March 9, 2005

Arctic Ice Pack melting

There was a big outcry over the discovery that parts of the Arctic Ice Pack were receding. The environmentalists used this opportunity to shove yet another righteous sermon about "Global Warming" down the throats of the unbelievers. Only it turns out that the Arctic Ice Pack has been going through regular cycles of advancing and receding -- from The Scotsman:
Polar history shows melting ice-cap may be a natural cycle
The melting of sea ice at the North Pole may be the result of a centuries-old natural cycle and not an indicator of man-made global warming, Scottish scientists have found.

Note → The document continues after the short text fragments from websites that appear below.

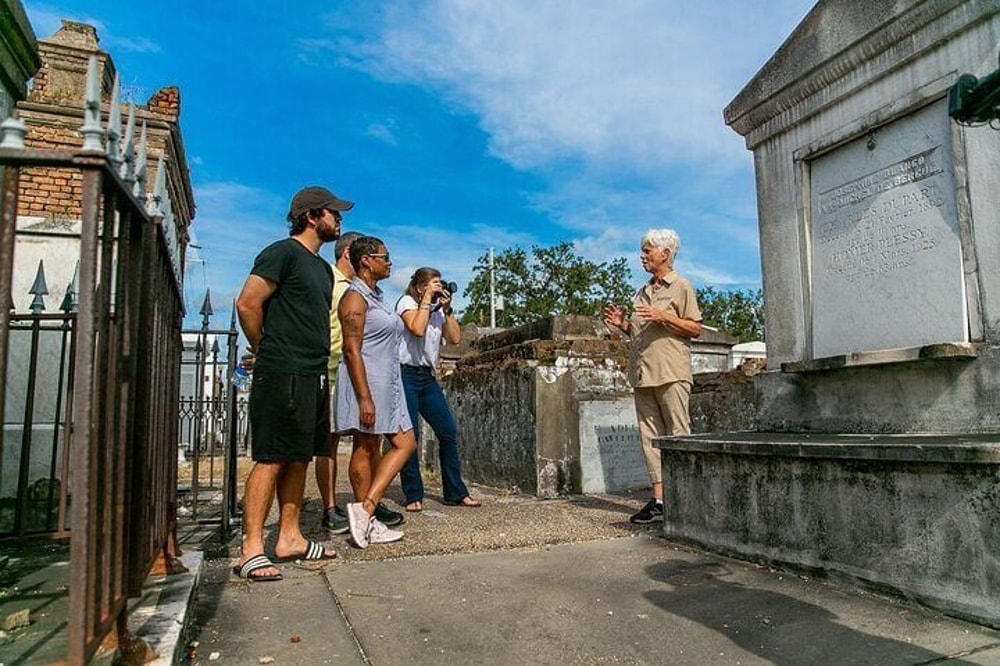 St. Louis Cemetery No. 1 Official Walking Tour in New Orleans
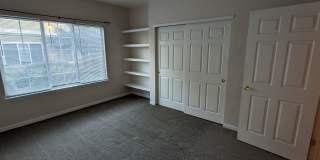 AWESOME 2-BEDROOM CONDO INCL. GARAGE, SWIMMING POOL, WASHER & DRYER! Gallery 12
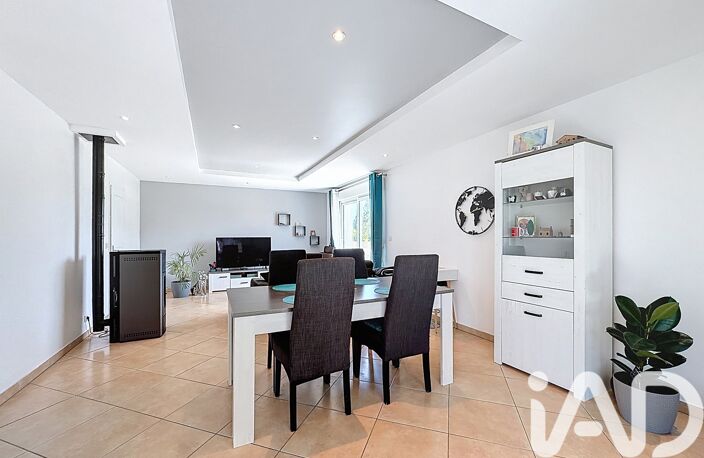 Vente Maison/villa 6 pièces — photo 3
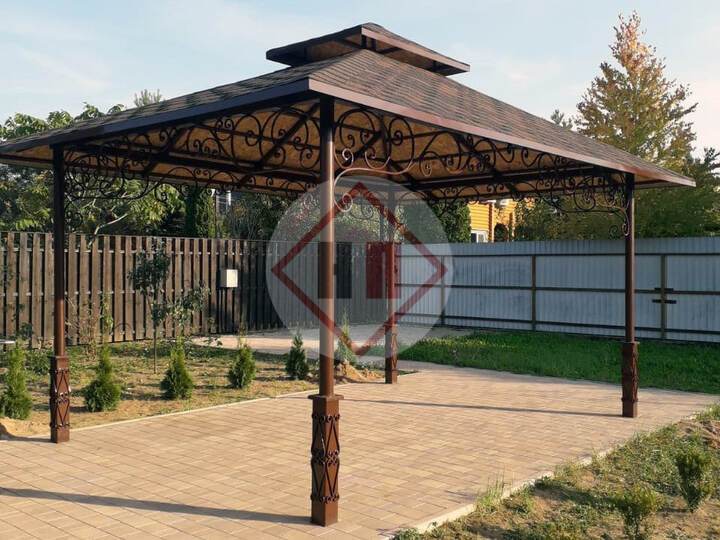 навес с коваными элементами и мягкой кровлей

After researching the log-books of Arctic explorers spanning the past 300 years, scientists believe that the outer edge of sea ice may expand and contract over regular periods of 60 to 80 years. This change corresponds roughly with known cyclical changes in atmospheric temperature.

The finding opens the possibility that the recent worrying changes in Arctic sea ice are simply the result of standard cyclical movements, and not a harbinger of major climate change.
And some verification from real-world data?
The amount of sea ice is currently near its lowest point in the cycle and should begin to increase within about five years.

As a result, Dr Chad Dick, a Scottish scientist working at the Norwegian Polar Institute in Tromso, believes the next five to ten years will be a critical period in our understanding of sea ice and the impact, if any, of long-term global warming.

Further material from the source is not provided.